Making Python massively parallel (& burgers)

20170819 Burgers

I like burgers. I suspect I start most of my blog articles with a similar sentence. Most burgers are sufficiently large, such that a single burger will suffice for a meal. However, occasionally you get burger sliders, mini burgers of different flavours, which are also easier to share. It is an obvious point that a plate of burger sliders is likely to end up getting finished quicker than a single burger. A plate of sliders can be easily consumed by several people at once, unlike a single burger. One person cannot take multiple bites of a burger at the same time.


Why do I cite this example? We can draw a parallel (and that pun is very much intended) with solving computational problems in finance. Let’s say we want to backtest a trading strategy which trades multiple currency pairs. The simplest way to do this is with a “one burger” strategy. We simply do all the computations for the backtest currency by currency. This is also usually the slowest way. The “burger slider” strategy, would involve conducting a backtest for each currency pair simultaneously, and then aggregating the result. Unfortunately, Python has the global interpreter lock, which basically means that only one computation can be done at a time, which is in place even if you use Python’s threading library. It should be noted though if you’re largely waiting for IO processes to return, using the threading library can still be useful (or Python’s asyncio library). However, what if you really want get true parallelisation in Python, so you can run computations on more than one computing core at the same time (and get around the GIL)?


The simplest approach is to use Python’s multiprocessing library. This basically kicks off new Python processes, when run on Windows, which can be used for true parallel computation. The implementation of multiprocessing for Python in Linux uses forking, which ends up resulting in a noticeably quicker startup time. It’s also worth checking out other similar libraries such as multiprocess, which has fewer restrictions on the types of Python objects that can be run in parallel (basically related to the way it serialises Python objects). The pathos project, which uses multiprocess library, also allows you to cache the process pools. It also allows you to use other machines to run your computations. If you Cythonise your code, you can also release the GIL (Cython basically allows you to write Python-like code which generates C code which can be compiled).
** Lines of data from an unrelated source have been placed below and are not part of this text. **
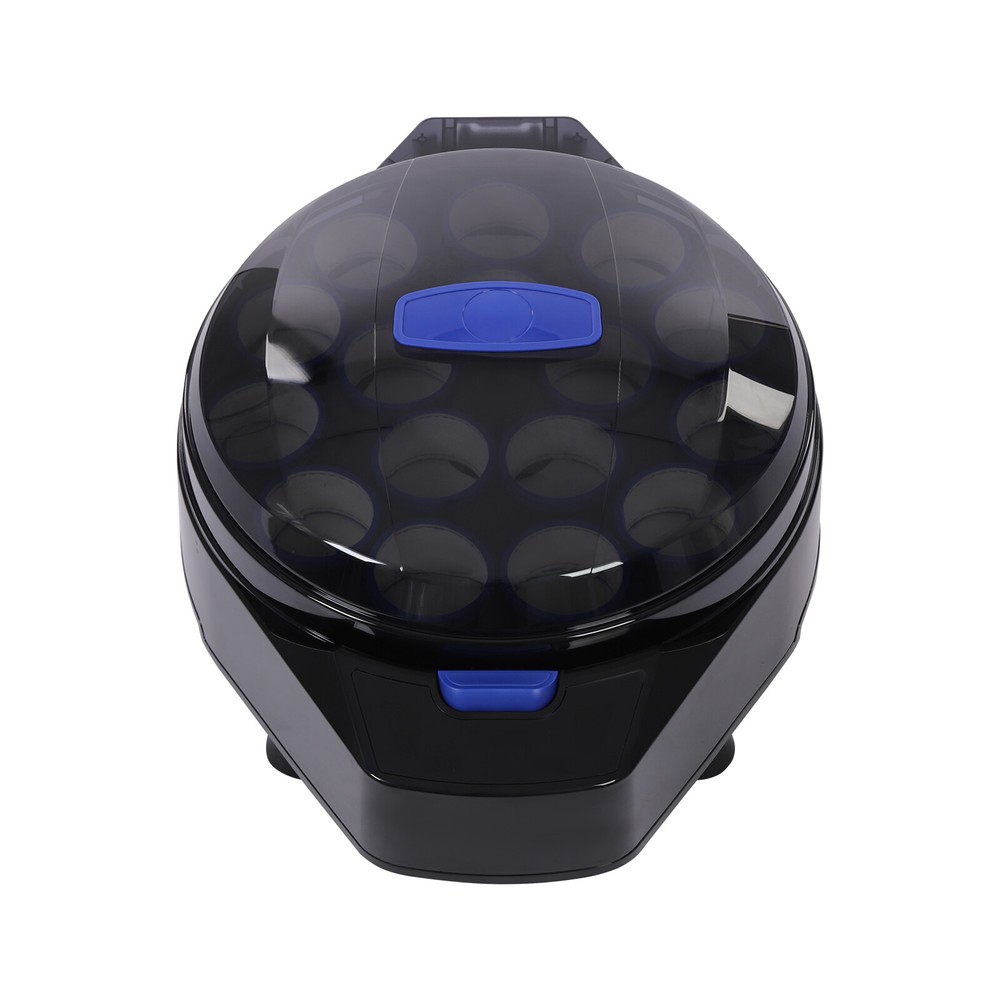 Automatic Pool Ball Cleaner 16 Ball Digital Display Billiard Cleaning Machine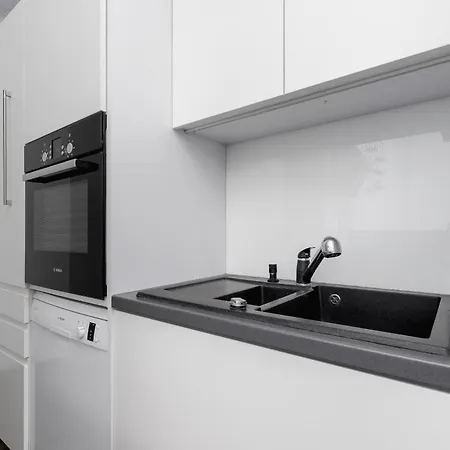 Apartman Niksen Nest - 3Br With Ac & View - Rynek Podgorski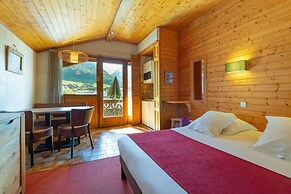Hôtel Loisirs Les Côtes, Résidence et Chalets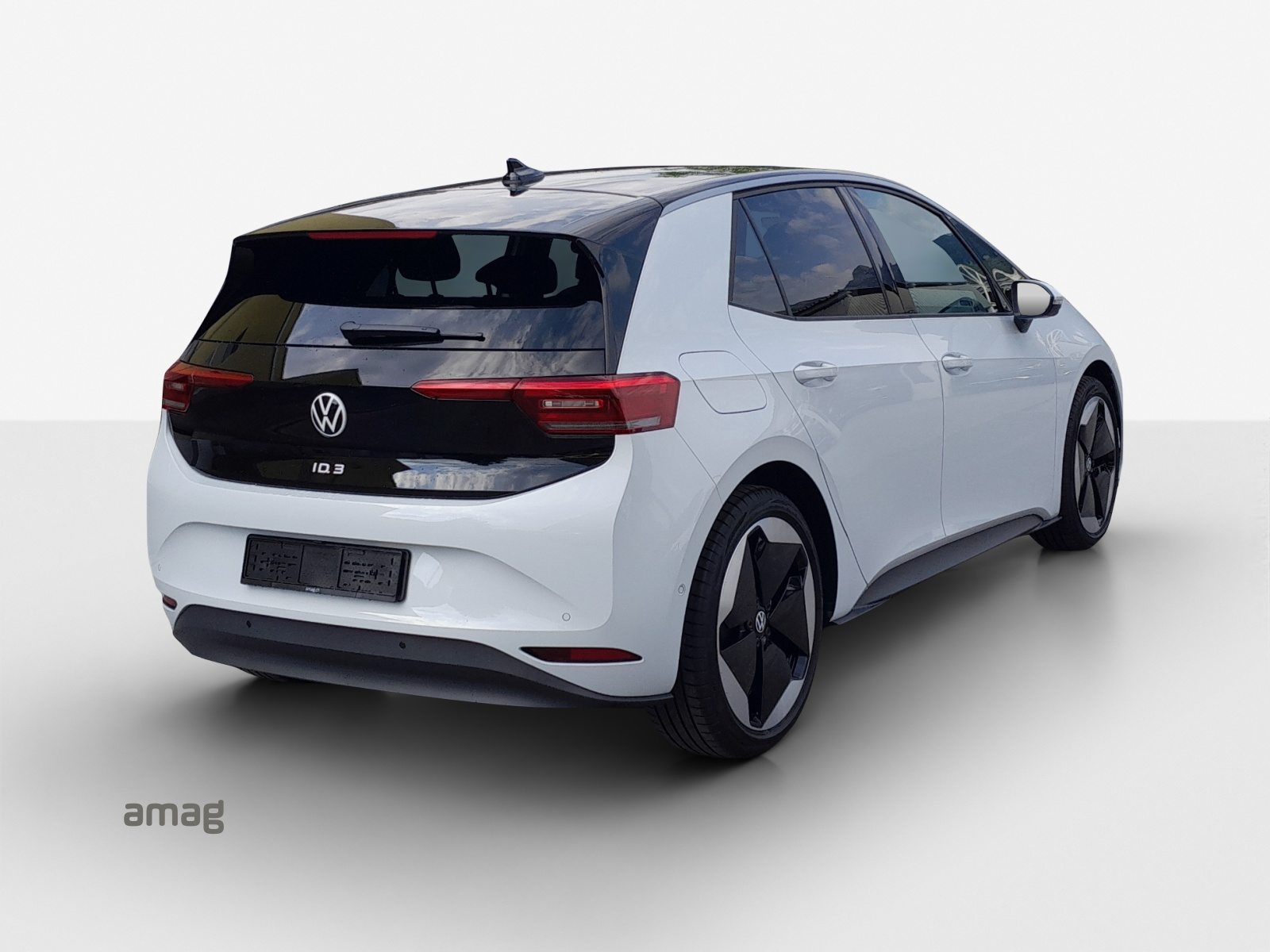 VW ID.3 Pro S UNITED, Electric, Second hand / Used, Automatic - 5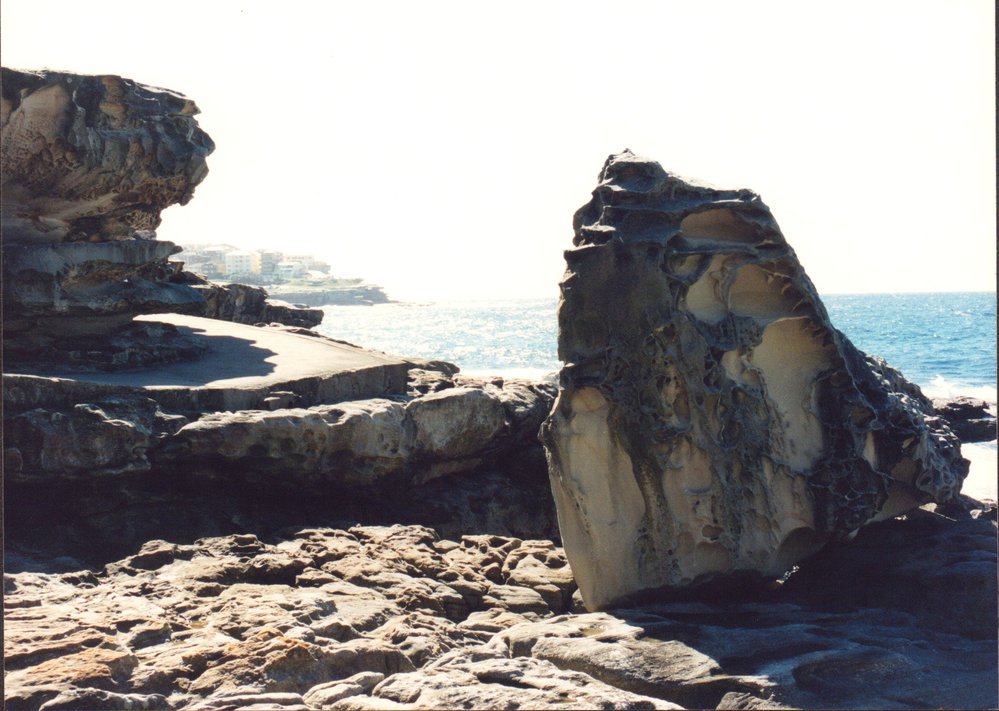 Sundays at The Bergs 1995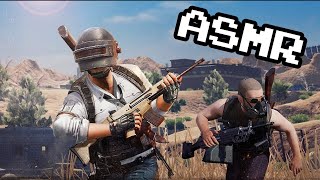 ASMR GAMING: PUBG Gameplay // Relaxing Whispers + Mouth Sounds for sleep screenshot 2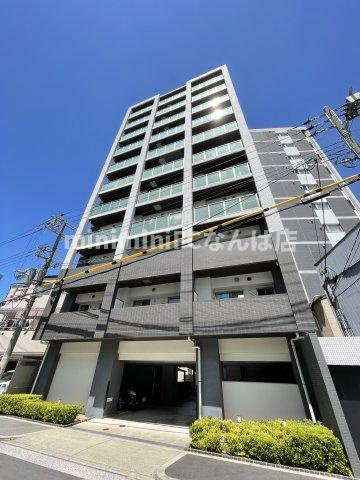 ラブニール西長堀パークフロントの外観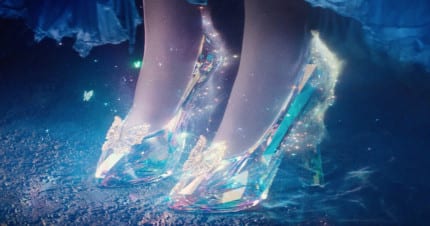 Cinderella Shoe Answer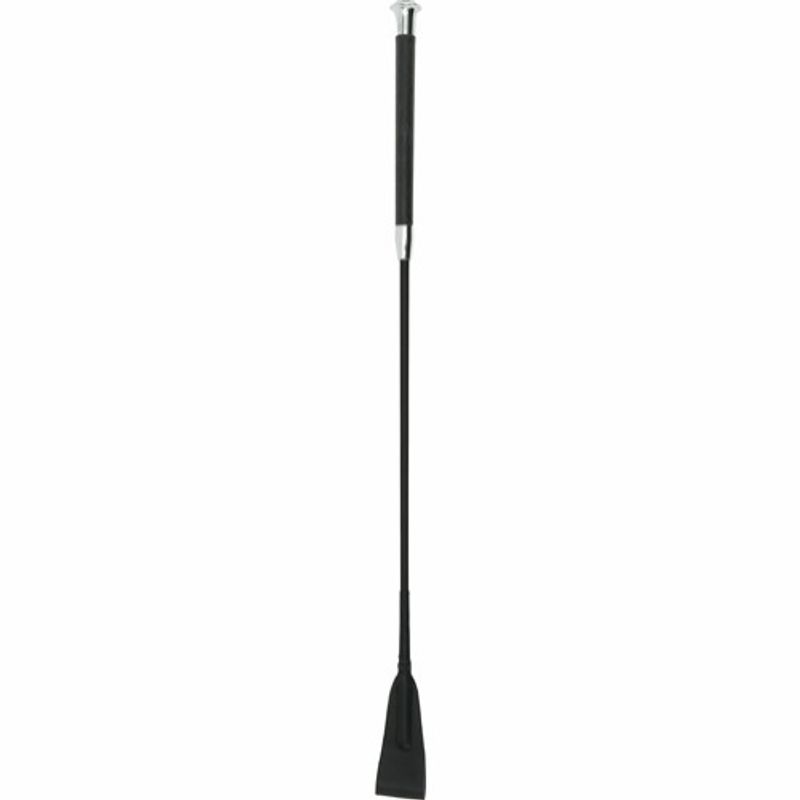 Equipage Sprangpisk gel håndtak 55cm
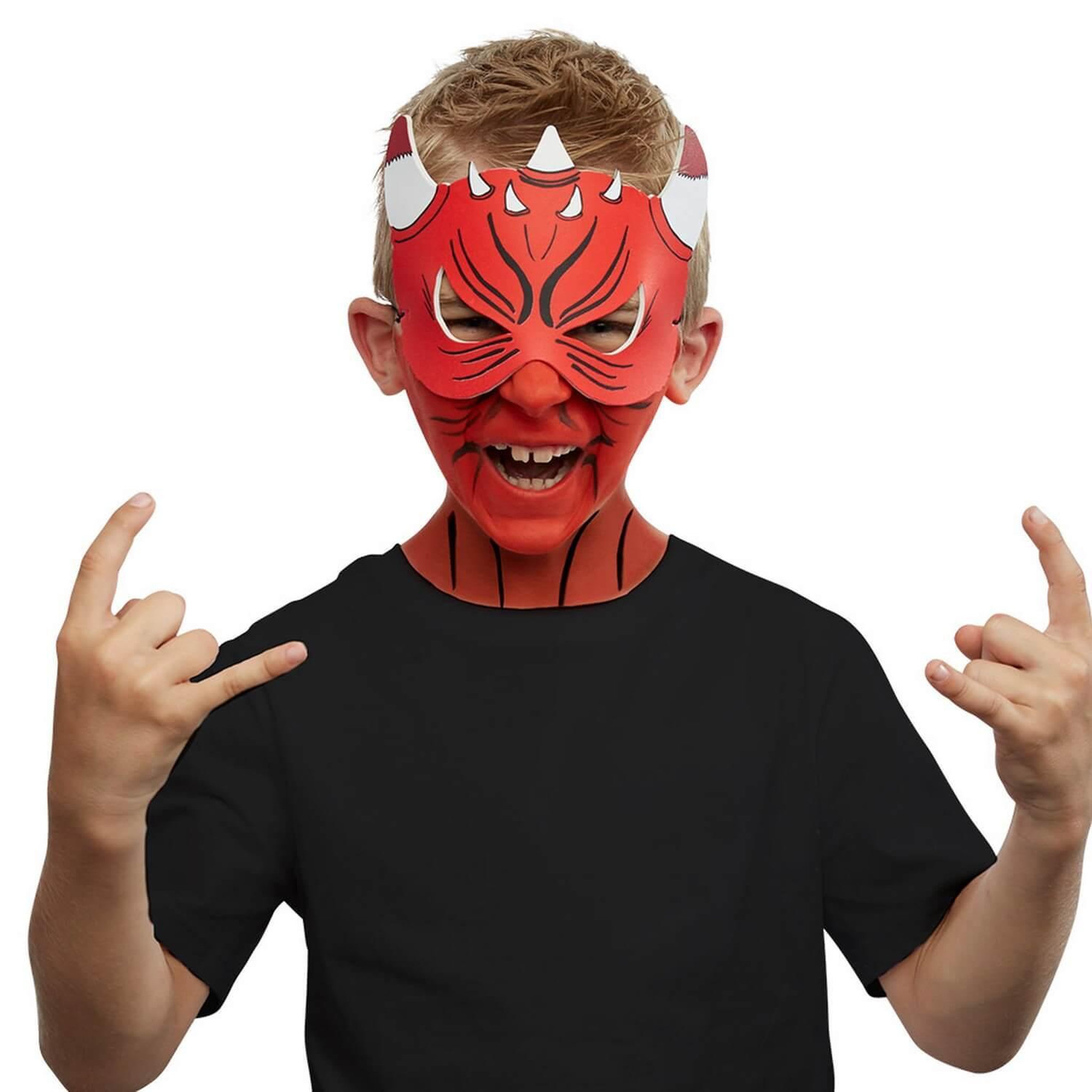 Voir la diapositive 2 : Boland Kit de maquillage petit diable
Another approach is to use Celery, which is a distributed task queue, which allows you to use multiple workers for computation. In between your Celery process and your original Python process, sits a message broker, typically something like RabbitMQ, which sends messages, back and forth (rabbits, celery, etc, I really hope this was an intentional joke on their part). Celery can be set to run your tasks asynchronously (ie. in the background) or synchronously (so your process waits for the return). Setting up Celery is a bit more involved than any of the other solutions above, however, once you’ve installed all the components, I’ve found it fairly easy to use. Celery scales relatively easily, so you can put workers on multiple machines, by changing the configuration settings (I guess that’s the distributed bit!). As a result, it is possible to make your computations massively parallel! Instagram use Celery combined with RabbitMQ extensively to compute many of their computation tasks, which is proof enough for me, that it scales!


So yes, the GIL in Python can provide barriers for doing parallel computation, but there are many ways around it and it is possible to make Python massively parallel. The precise one you choose though will of course depend on the problem at hand.